Retype, exactly and only, each line from the one containing "this 1280×720 image." to the end of the records below.
------ Material to process ------
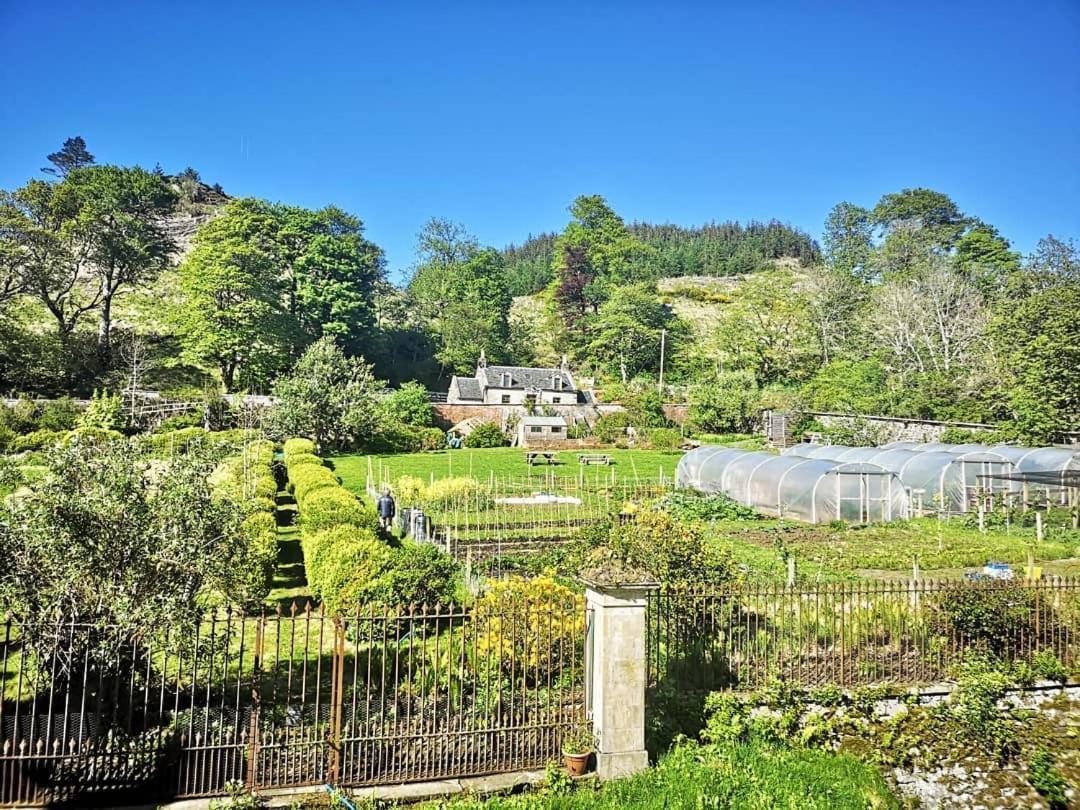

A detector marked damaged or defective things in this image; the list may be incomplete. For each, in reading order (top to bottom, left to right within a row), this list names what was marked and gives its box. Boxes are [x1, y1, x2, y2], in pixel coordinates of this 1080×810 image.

rusty iron fence [0, 592, 588, 800]
rusty iron fence [644, 576, 1080, 696]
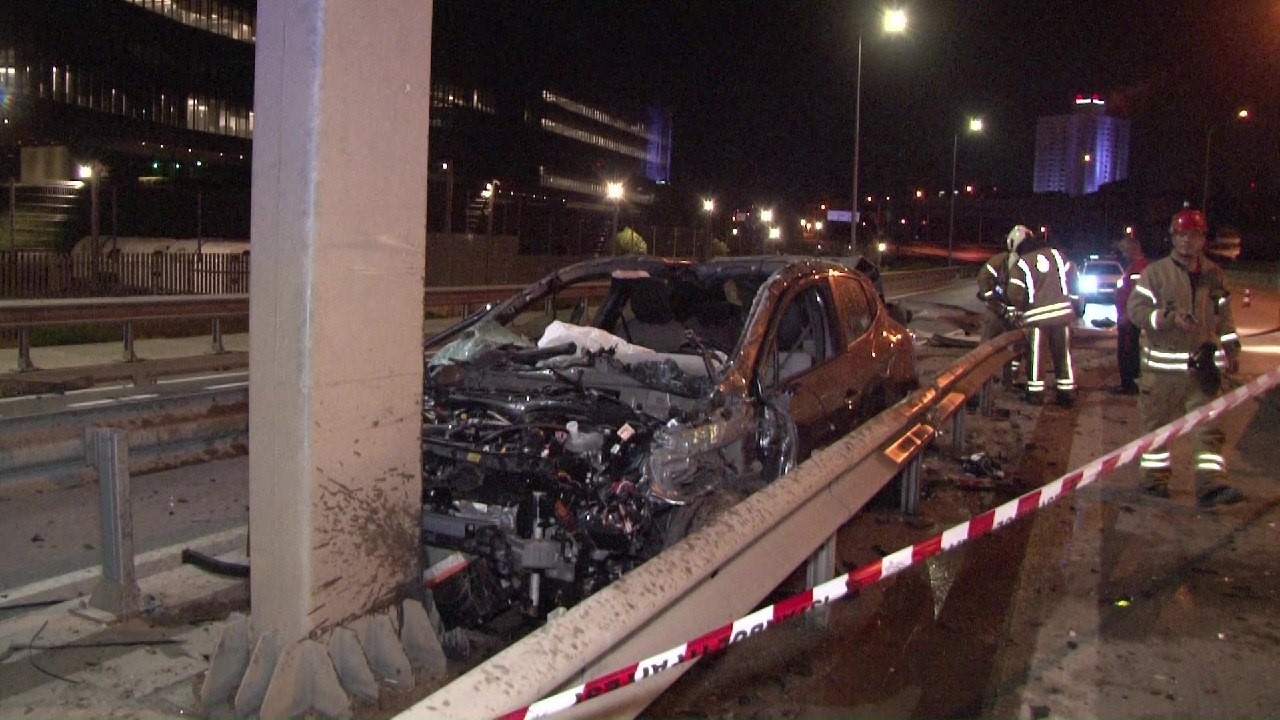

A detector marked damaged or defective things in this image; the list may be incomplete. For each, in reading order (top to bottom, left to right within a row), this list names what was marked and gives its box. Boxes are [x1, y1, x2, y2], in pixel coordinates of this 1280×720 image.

wrecked car [424, 254, 916, 625]
crumpled car body [424, 254, 916, 625]
crashed brown car [424, 254, 916, 625]
damaged guardrail rail [394, 326, 1024, 717]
------
Solution to this exercise
A detector marked damaged or defective things in this image; the list may be incomplete. For each, in reading order (top to bottom, left to right within a row), this list names what was marked and gives its box. Boxes are [x1, y1, x2, y2], in pixel coordinates of this 1280×720 image.

wrecked car [424, 254, 916, 625]
crumpled car body [424, 254, 916, 625]
crashed brown car [424, 254, 916, 625]
damaged guardrail rail [394, 326, 1024, 717]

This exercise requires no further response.